Yes, even more than my contempt would suggest.

29 May 2007
LSD and Whales
I thought I knew most of the more interesting Greenpeace stories from the alleged organization’s early days, such as the faceless volunteer, but I was wrong.

In 1977, the U.S. Central Intelligence Agency planted one of its agents on a Greenpeace boat, the Ohana Kai. Apparently, the CIA didn’t send one of its better spooks to spy on some drunk and stoned hippies. At least, that would explain why the secret agent took LSD with some of the crew members, then blurted out that he worked for the CIA.

The Greenpeace protesters eventually found the Soviet whaling fleet thanks to others in the U.S. government. It seems that an attractive Greenpeace employee was having an affair with a high-level State Department bureaucrat. Or was it a senator? I don’t recall the details, but I do know that her paramour was kind enough to pass along the coordinates of the Soviet fleet he received from his Pentagon contacts. Whether or not LSD figured into any of these transactions, this I do not know.

30 May 2007
More LSD and Whales
I was visiting with Paul Spong, a dear friend who studies the orcas of Puget Sound.
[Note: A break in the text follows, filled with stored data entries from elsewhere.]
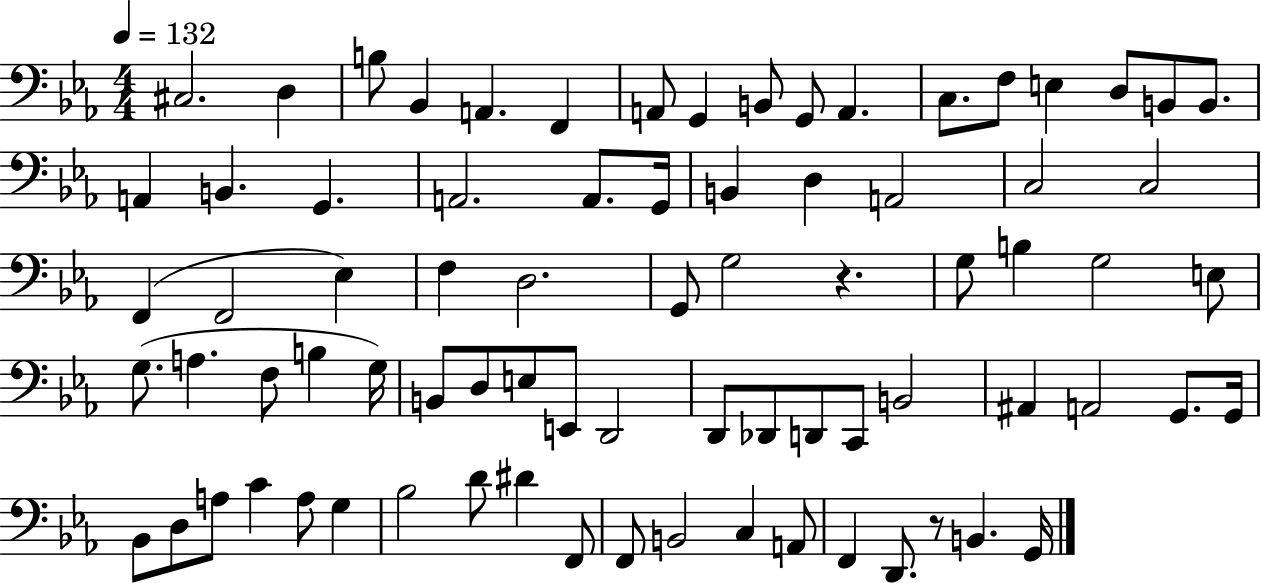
{
  \clef bass
  \numericTimeSignature
  \time 4/4
  \key ees \major
  \tempo 4 = 132
  \repeat volta 2 { cis2. d4 | b8 bes,4 a,4. f,4 | a,8 g,4 b,8 g,8 a,4. | c8. f8 e4 d8 b,8 b,8. | \break a,4 b,4. g,4. | a,2. a,8. g,16 | b,4 d4 a,2 | c2 c2 | \break f,4( f,2 ees4) | f4 d2. | g,8 g2 r4. | g8 b4 g2 e8 | \break g8.( a4. f8 b4 g16) | b,8 d8 e8 e,8 d,2 | d,8 des,8 d,8 c,8 b,2 | ais,4 a,2 g,8. g,16 | \break bes,8 d8 a8 c'4 a8 g4 | bes2 d'8 dis'4 f,8 | f,8 b,2 c4 a,8 | f,4 d,8. r8 b,4. g,16 | \break } \bar "|."
}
I showed him that he had a biography in an Internet encyclopedia; he’d not seen it before.

He scanned the article, then stopped when he read, “Paul later admitted to taking mescaline during this period.”

“That’s a lie!” he said.

“Who cares?” I replied.

“It was LSD!” he explained. “I hated mescaline!”

He paused, then added reverentially, “There’s nothing like pure LSD, boy!”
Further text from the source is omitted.